As usual it will take a day or two for the markets to decide which of their initial reactions to the Cyprus bailout – relief that a deal has been struck, or concern at the implications of the terms imposed by the troika – will prove dominant. Some things do seem clear from what we have learnt already:
- This was the most acrimonious bailout negotiation yet, with little love lost between the Cypriot negotiators and the troika representatives on the other. Talks came close to breakdown on several occasions over the course of the past week. Apparently tipped off in advance that the Russians would not come riding to the rescue, the troika played hardball – and eventually won, although not before the Cypriot President had threatened to resign and/or take Cyprus out of the euro – a desperate course of action which the influential Archbishop of Cyprus, for one, has openly advocated.
- Although the deal will avoid the outcome of Cyprus leaving the euro for now, that still remains a possibility. The bailout creates a number of important precedents, raising the possibility that bondholders and depositors in troubled banks elsewhere in the Eurozone could be forced to pick up the tab if their bank needs to be rescued in future. The Dutch finance minister who now heads the Eurogroup said as much yesterday, and subsequent attempts to smooth over his remarks – which were remarkably explicit – have been less than convincing.
- Reports that the IMF and the EU are no longer in harmony on the issue seem well-substantiated. This was the first time that the two institutions went into a bailout negotiation without an agreed common position. The IMF rightly focuses on the issue of whether any bailout money it provides can be recovered, as its charter requires. The European Commission on the other is always prepared to do more to help keep the Eurozone alive – seemingly, sometimes, at any cost. Disharmony in the troika is not a good omen for the future.

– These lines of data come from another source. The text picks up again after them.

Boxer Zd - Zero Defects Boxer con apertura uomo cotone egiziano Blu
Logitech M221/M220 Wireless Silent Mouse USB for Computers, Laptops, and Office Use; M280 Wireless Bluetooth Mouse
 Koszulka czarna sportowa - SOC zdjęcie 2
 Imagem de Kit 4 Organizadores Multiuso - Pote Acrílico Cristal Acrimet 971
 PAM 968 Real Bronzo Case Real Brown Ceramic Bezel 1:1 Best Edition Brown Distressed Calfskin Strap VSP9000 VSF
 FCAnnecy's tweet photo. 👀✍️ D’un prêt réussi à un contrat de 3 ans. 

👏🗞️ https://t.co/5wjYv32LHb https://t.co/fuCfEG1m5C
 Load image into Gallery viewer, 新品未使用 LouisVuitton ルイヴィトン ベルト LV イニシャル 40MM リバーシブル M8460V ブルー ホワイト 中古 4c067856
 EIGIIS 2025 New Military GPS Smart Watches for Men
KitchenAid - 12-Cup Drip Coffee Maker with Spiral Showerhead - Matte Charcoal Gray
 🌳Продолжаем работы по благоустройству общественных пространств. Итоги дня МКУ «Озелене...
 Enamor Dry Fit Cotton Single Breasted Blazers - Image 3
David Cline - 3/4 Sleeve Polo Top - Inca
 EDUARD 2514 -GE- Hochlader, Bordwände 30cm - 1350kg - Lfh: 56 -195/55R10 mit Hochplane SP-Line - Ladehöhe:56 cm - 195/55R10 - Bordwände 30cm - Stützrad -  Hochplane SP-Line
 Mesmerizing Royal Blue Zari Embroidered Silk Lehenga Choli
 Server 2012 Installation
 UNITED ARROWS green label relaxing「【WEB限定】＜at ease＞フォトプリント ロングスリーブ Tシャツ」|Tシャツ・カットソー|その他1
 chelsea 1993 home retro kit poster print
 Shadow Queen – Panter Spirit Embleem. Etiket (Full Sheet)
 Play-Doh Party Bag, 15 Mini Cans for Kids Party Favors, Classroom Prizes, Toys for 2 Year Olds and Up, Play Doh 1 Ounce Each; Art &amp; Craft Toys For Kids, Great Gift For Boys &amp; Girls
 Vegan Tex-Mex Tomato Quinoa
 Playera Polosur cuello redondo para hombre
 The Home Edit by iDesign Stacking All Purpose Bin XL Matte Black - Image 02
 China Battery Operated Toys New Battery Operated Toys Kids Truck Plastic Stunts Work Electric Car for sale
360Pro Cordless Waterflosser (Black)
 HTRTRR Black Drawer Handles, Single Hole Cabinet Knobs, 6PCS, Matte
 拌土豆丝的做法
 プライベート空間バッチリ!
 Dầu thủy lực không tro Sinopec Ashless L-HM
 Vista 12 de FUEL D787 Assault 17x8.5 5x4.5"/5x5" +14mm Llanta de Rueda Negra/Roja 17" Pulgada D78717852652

- With Federal elections looming in September, the Germans were in no mood this time round to take a more lenient line, given the rising amount of popular bailout fatigue in northern Europe. As has been widely noted, the Germans are picking up the largest part of the tab for saving the euro – but are reaping only rising levels of anti-German hostility in return. (Gideon Rachman has a good piece in the Financial Times on this aspect). Anti-German feeling has also played an important part in the recent Italian and Greek elections.
- With Cyprus being forced to introduce capital controls to avoid large scale capital outflows, one of the original pillars of the euro project has been broken. The Cypriots say that they hope these capital controls will be temporary. Experience suggests that this is unlikely to be the case. Don’t be fooled into thinking that similar measures will not be introduced elsewhere in Europe the next time a bailout comes round.
- The Dutch finance minister’s comments raised the possibility that Europe will never now move towards direct recapitalisation of its troubled banks. If that proves to be the case (and it is not certain), then a key plank in the eventual banking union on which the European integration lobby has pinned its hopes has fallen by the wayside. Cross-border deposit insurance remains a non-runner politically for now, so progress towards banking union is likely to remain slow.
- On the positive side, it is reassuring to hear leading European politicians talking so openly and explicitly about the scale of the problems that Europe still faces. For too long politicians in Europe have hidden behind a curtain of obfuscation, verbiage and downright deception to keep their beloved project alive. Any opportunity to bypass the opinion of voters has been taken – a pattern repeated in the case of Cyprus, where the revised bailout plan does not have to risk approval by the Cypriot Parliament.
How will this play out in the markets? The Cyprus deal, though insignificant in macroeconomic terms, is an important reminder that the risks in Europe have not gone away. With more signs of recovery emerging in the United States, and some positive developments in the UK, there are some plausible reasons for investors to ignore the siren noises coming out of Europe, where recovery remains non-existent and a resumption of economic growth is not yet in sight.
The biggest problem is that despite some tentative signs of investors starting to switch out of cash and bonds into equities, the valuations of equities do not look cheap and anything perceived as even remotely a “safe haven” asset (quality equities, government bonds. London property etc) has been bid up to dangerously high levels. If the equity markets do go higher, therefore, it will still be more of a momentum/sentiment phenomenon – aided and abetted by quantitative easing – than one based on clear valuation appeal.